某月某日、父ちゃんみたいな小柄なジャパニーズ、しかも漫画顔で、さらにロン毛で、とっちゃん坊や風、その上、威厳も風格もぜんぜんない日本人が、フランス社会で舐められないために、どうしているのか、しりたくないかなぁ、と思って、その秘訣を今日はお話したい。
(え? いらんって、そんな、奥様、そんな殺生なこと言わないで、お付き合いください)
要は、日本からフランスに旅行でやって来たはいいが、一流レストランとかに入る勇気がない、という方も多い。それじゃあ、つまらない。
差別されたわけじゃないが、言葉も通じないし、どこか下に見られているような気持ちになって、フランス大嫌い、となる人がも実に多いのが残念・・・。
ぼくなど、小柄だから、マダムに間違えられることも多いし、風格がないからね、笑。
日本人男性は、どこかとっちゃん坊や風のおじさんが多いのは事実なので、ぜひ、ぼくが20年かけて確立した、「フランスの一流レストランでバカにされずに、スマートに注文し、決めて帰る方法」を伝授したい、と思うが、これはあくまでも個人的主観であることも、最初にお断りしておきたい。えへへ。
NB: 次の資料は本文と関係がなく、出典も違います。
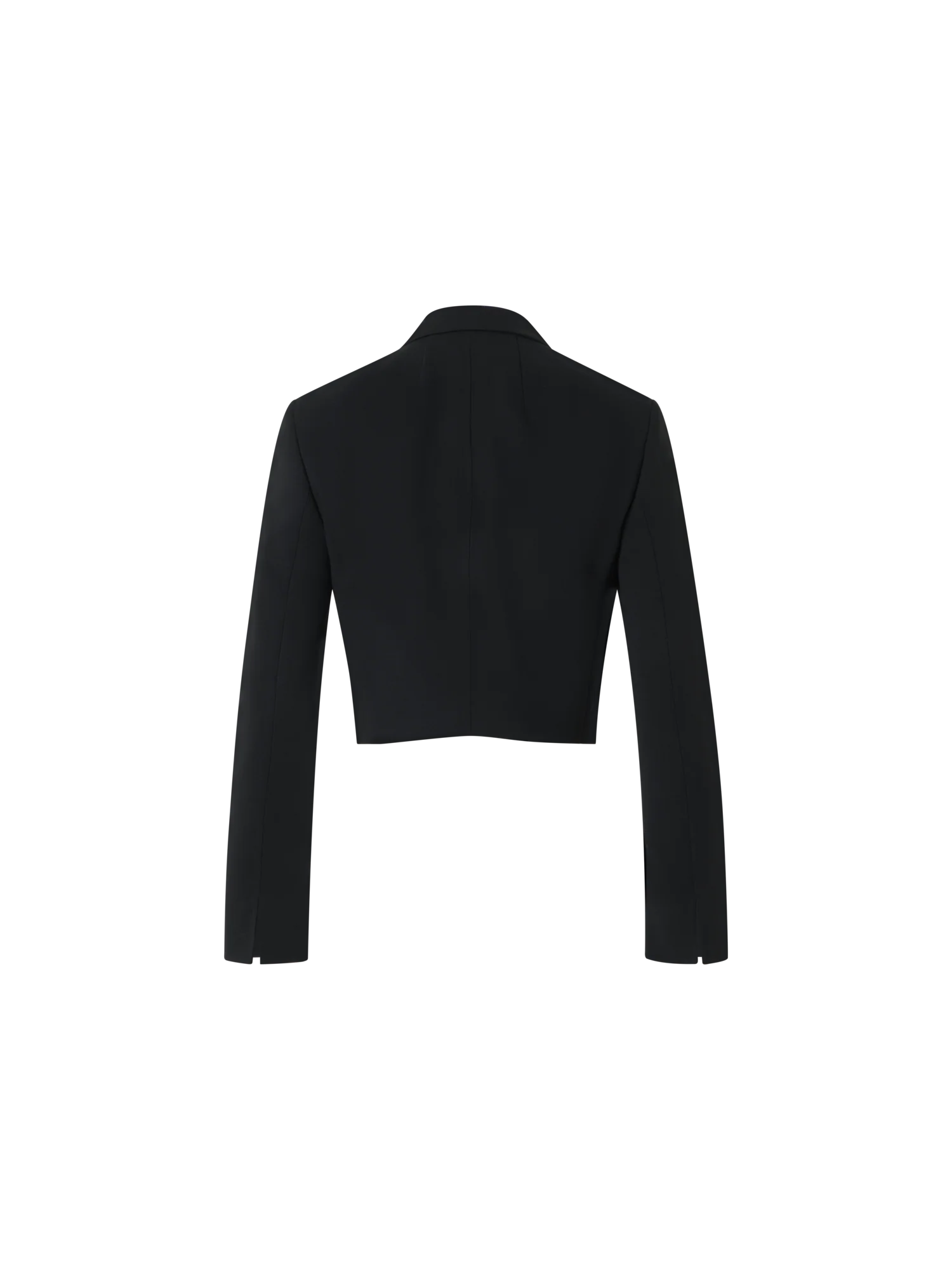 Cropped Wool Double-Face Jacket with Satin Lapel - Image 6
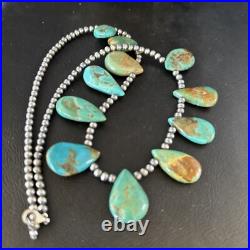 Navajo Pearls Sterling Silver Blue Turquoise Necklace 14300N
滞仏日記「フランスのレストランでとっちゃん坊や風父ちゃんがバカにされない理由」



ということで、一流レストランには必ず、メートルドテルがいる。接客全般の責任者である。
ギャルソンのキャプテンみたいな人なのだ。
あとでご紹介するが、ぼくの行きつけのレストランの俳優みたいメートルドテルは、トニーさん!!!
どの人がメートルドテルか、最初に見極めておくのもコツのひとつ。
ということで、じゃじゃじゃーん、父ちゃん、入店。
まず、大事なことだが、堂々としておこう。
とっちゃん坊や風の父ちゃんだが、胸張って、斜め45度の方角を哲学的に眺めたりしながら、堂々と、待っている。あはは。まじです。
(ちょっと、奥さん、待って! そこで広告とかクリックしようとしないで、もうちょっと読んでください。ぼくはいたって、真面目なのであるから)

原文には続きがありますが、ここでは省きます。